Le genreux parle de ces personnes qui aiment à soutenir à tout vent, envers et contre tous, les leurs : communautés, familles, amis, associés, partisans, alliés, collègues, autrement dit leurs semblables. L’attitude pourrait être louable, si elle se fait dans un souci de vérité, avec honnêteté, équité, raison, partant, si la cause défendue est juste. Mais, le plus souvent, il s’agit d’un réflexe inconditionnel de partialité filiale, identitaire, associative, corporatiste, confraternelle, communautaire… voire fortuite, occasionnelle.
Le danger du genreux, sorte de narcissisme de collectif, c’est que le vice se couvre, la faute passe, le tort se maquille, le débat emprunte la mauvaise foi, le regard se détourne de l’injustice, la raison étant mise de côté au seul but de soutenir et défendre coûte que coûte son camp, le genre, la sorte, l’espèce, le groupe, la famille, les protégés.
Un tel esprit est des plus malfaisants, car de là naissent, couvent et prospèrent toutes formes de ségrégation, de discrimination, d’exclusion, d’antipathie, de rejet subjectif des autres, sous différents prétextes et le poids d’autres complexes.

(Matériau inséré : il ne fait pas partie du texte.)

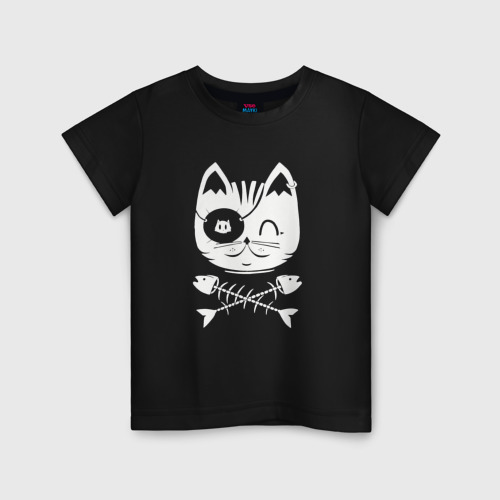 Детская футболка хлопок Кот пират с повязкой на глазу, цвет черный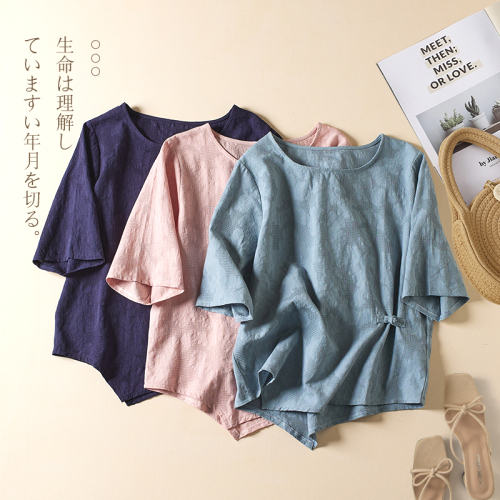 人気新作  レトロ 個性的なデザイン 総柄  ゆったり型 無地 プルオーバー 春夏 Tシャツ   森ガールトップス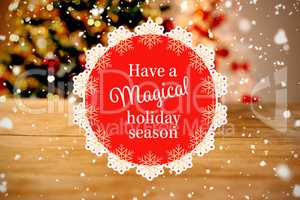 Composite image of white and red greetings card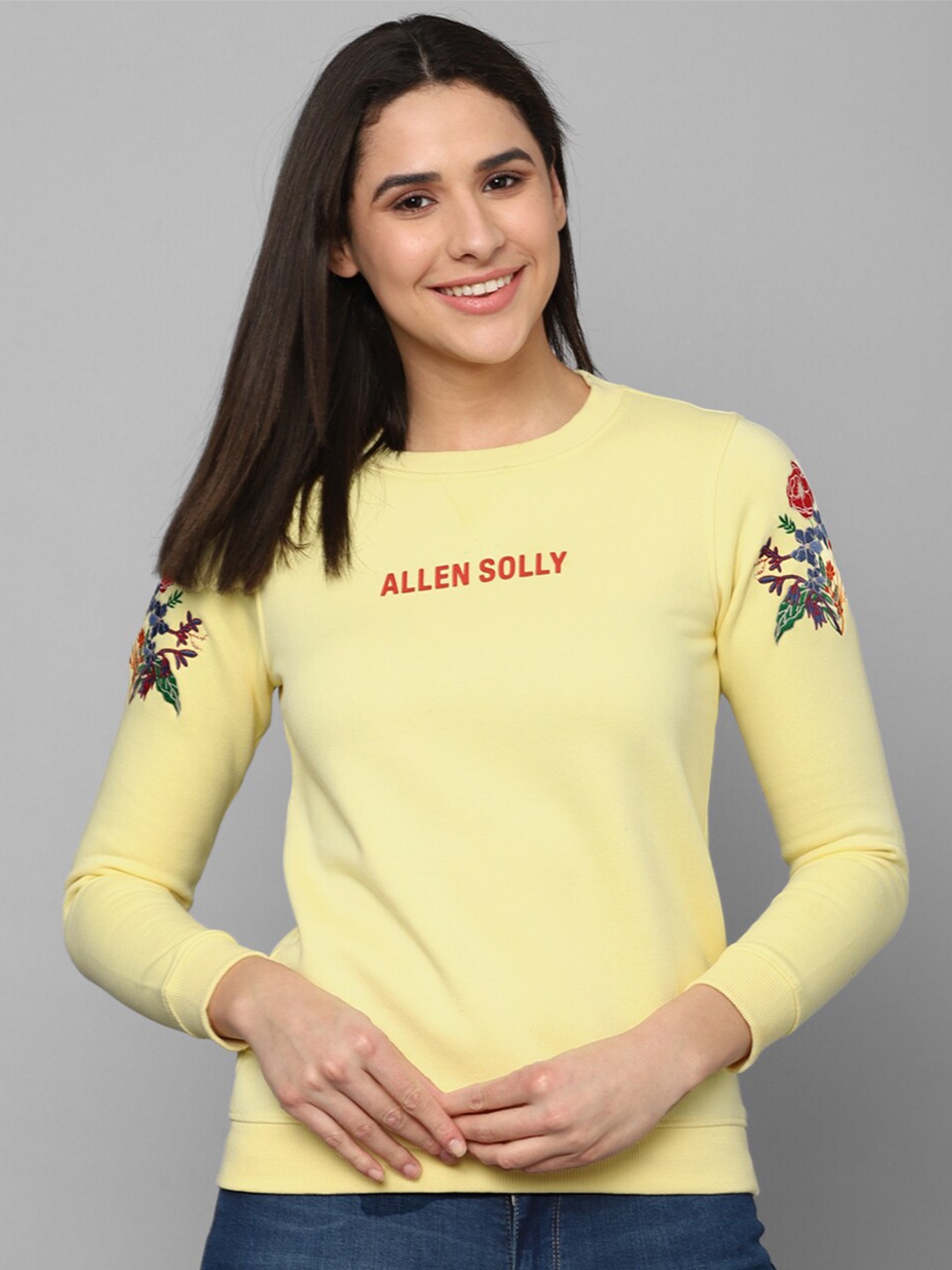 

Allen Solly Woman Floral Embroidered Cotton Sweatshirt, Yellow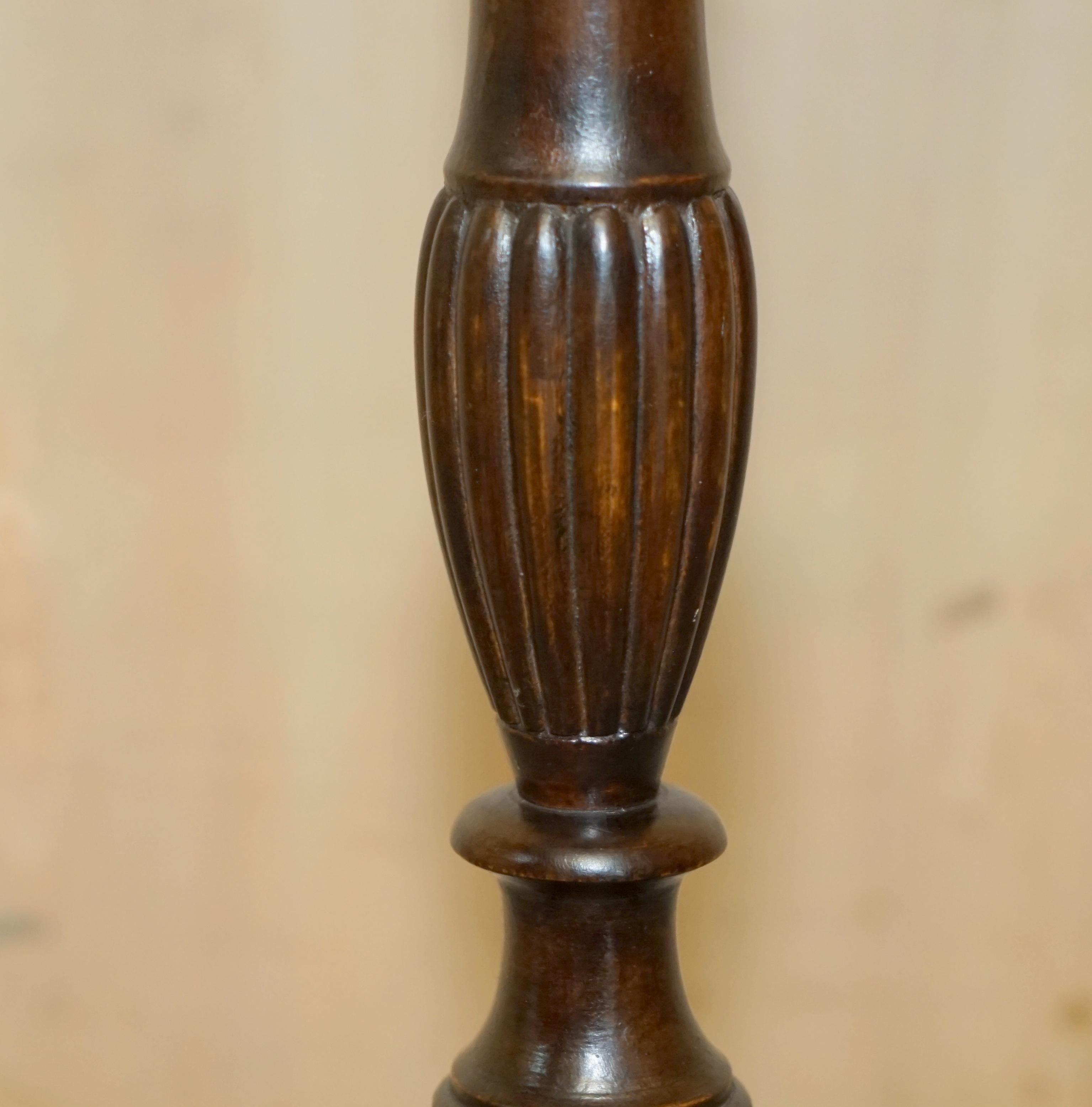 Original Victorian circa 1880 Hardwood Tripod Lamp Side End Wine Table 1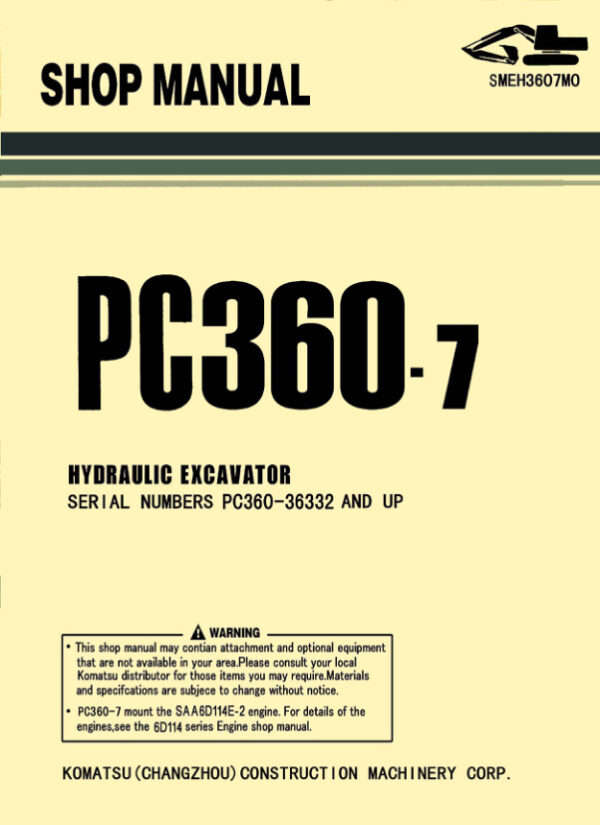 Service manual Komatsu PC360-7 36332 & Up | SMEH3607M0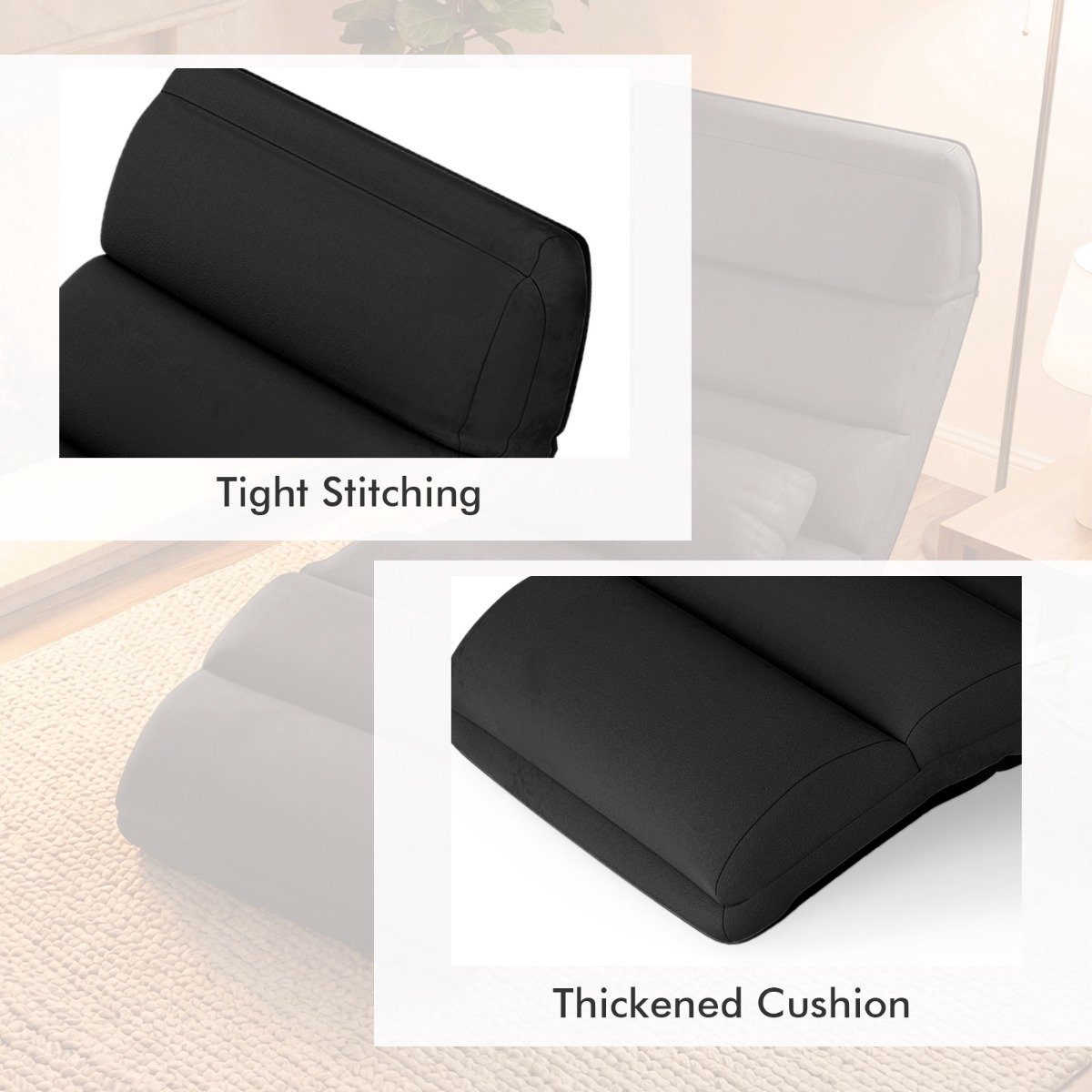 SureDeal® - Vloerstoel - Relaxstoel Voudig Instelbaar - Rugleuning Vloer Stoel - Slaapfunctie Luie Bank - 175x55x20 cm - Donkerbruin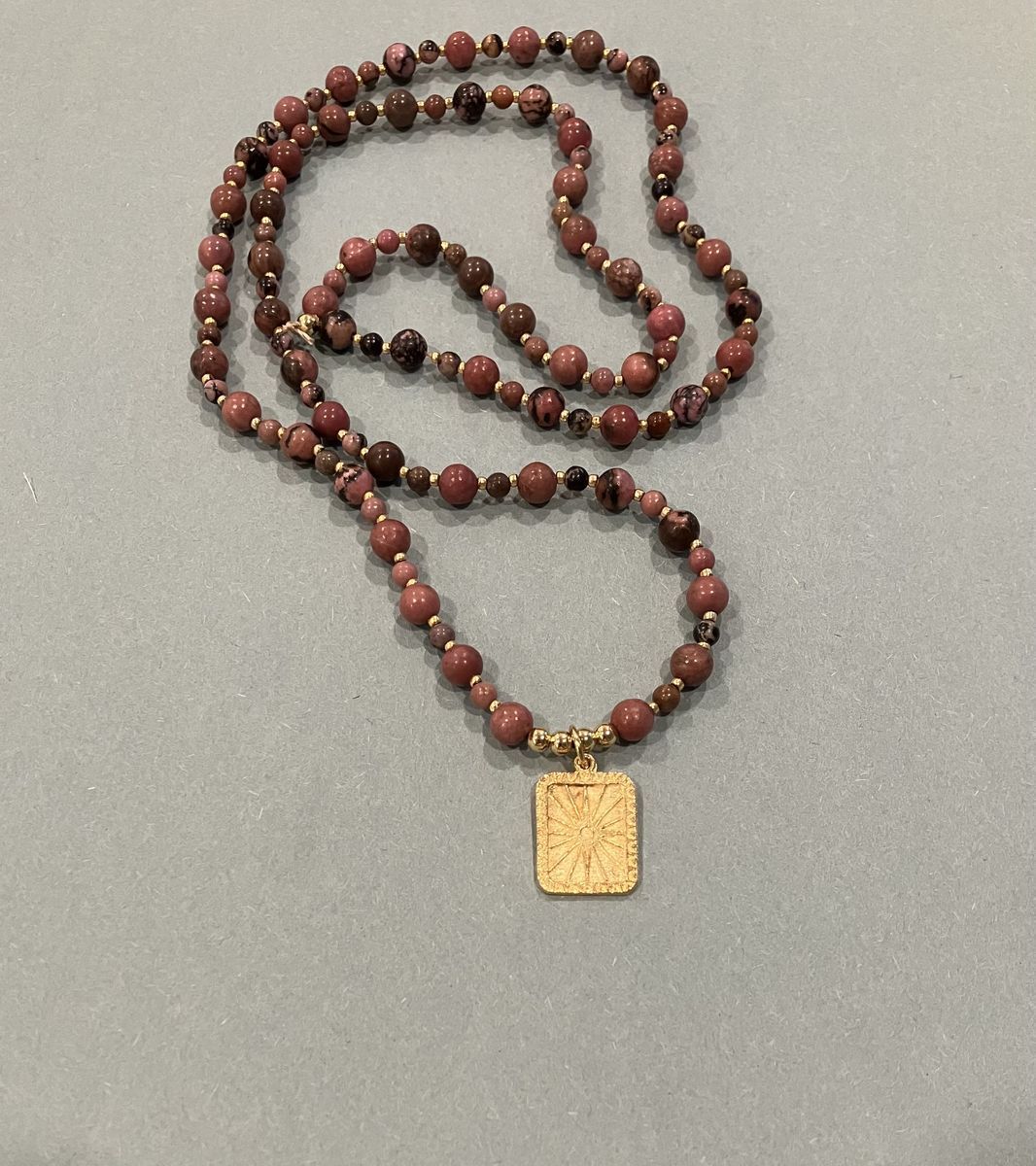 Rhodonite Gemstone & Golden Pendant Necklace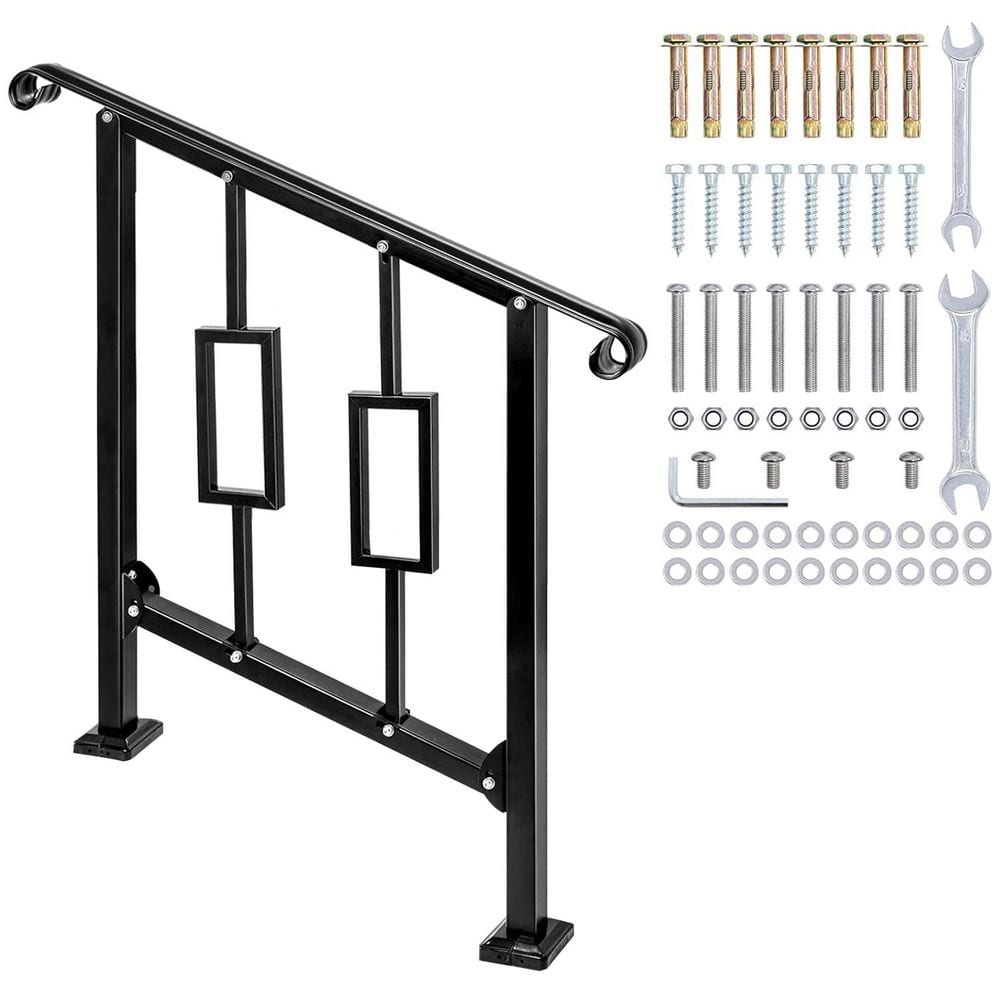 Wrought Iron Outdoor Handrail for 2-3 Steps Black Stair Railing for Concrete or Wooden Stairs, Weatherproof price history on PriceWatchPro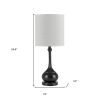 25" Blackened Bronze Metal Round Table Lamp With Off White Drum Shade
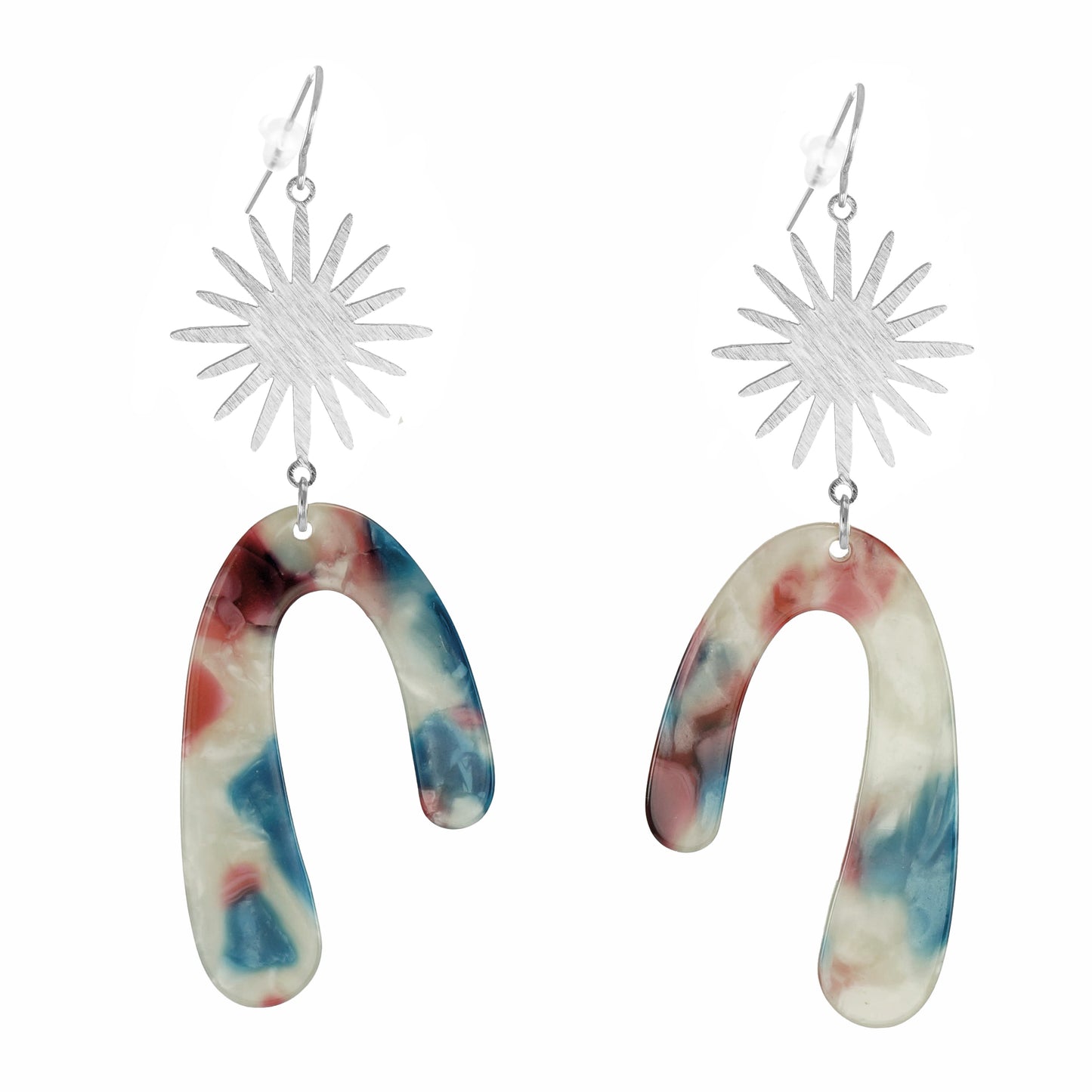 Red White & Blue Silver Starburst Sun Boho Statement Earrings, Platinum Wires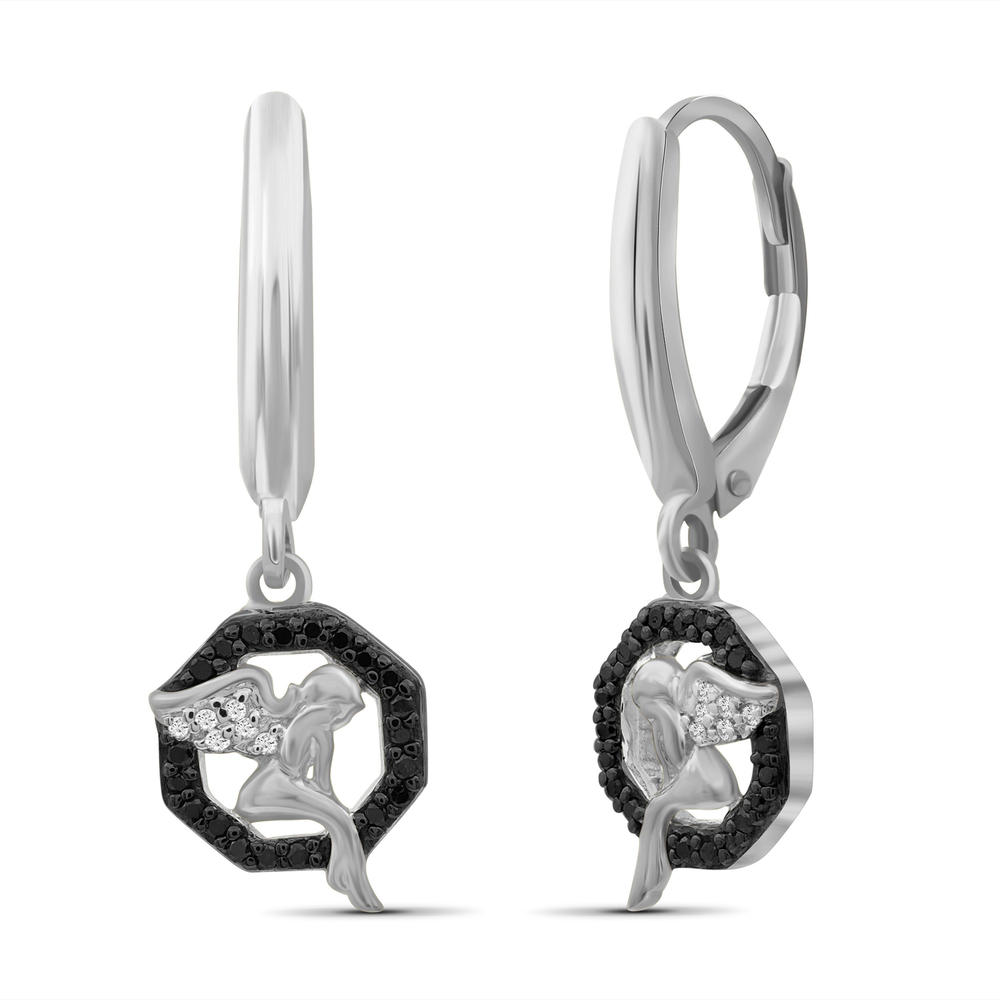 1/7 Carat T.W. Black And White Diamond Sterling Silver Angel Octagon Earrings
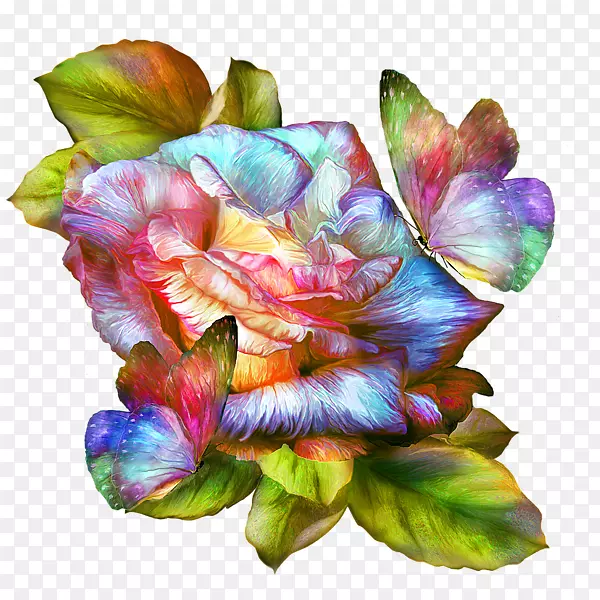 彩虹玫瑰艺术-彩虹色玫瑰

Dans les organisations, ces comportements de mépris, d’aversion, de mesquinerie, se traduisent par le travail fractionnaire, ou le sectarisme ; dans les services, ils s’apparentent à un clanisme pervers dans des considérations de personne, de groupes d’amitié, d’appartenance, de profils, parfois d’origine ; dans la communauté ils prennent la forme d’un schisme, d’une dissidence, d’une fragmentation sociale ; dans la collectivité, cela évolue vers «l’autochtonisme», un «racisme» ; finissant, dans l’État, par un irrédentisme, une xénophobie, voire un séparatisme.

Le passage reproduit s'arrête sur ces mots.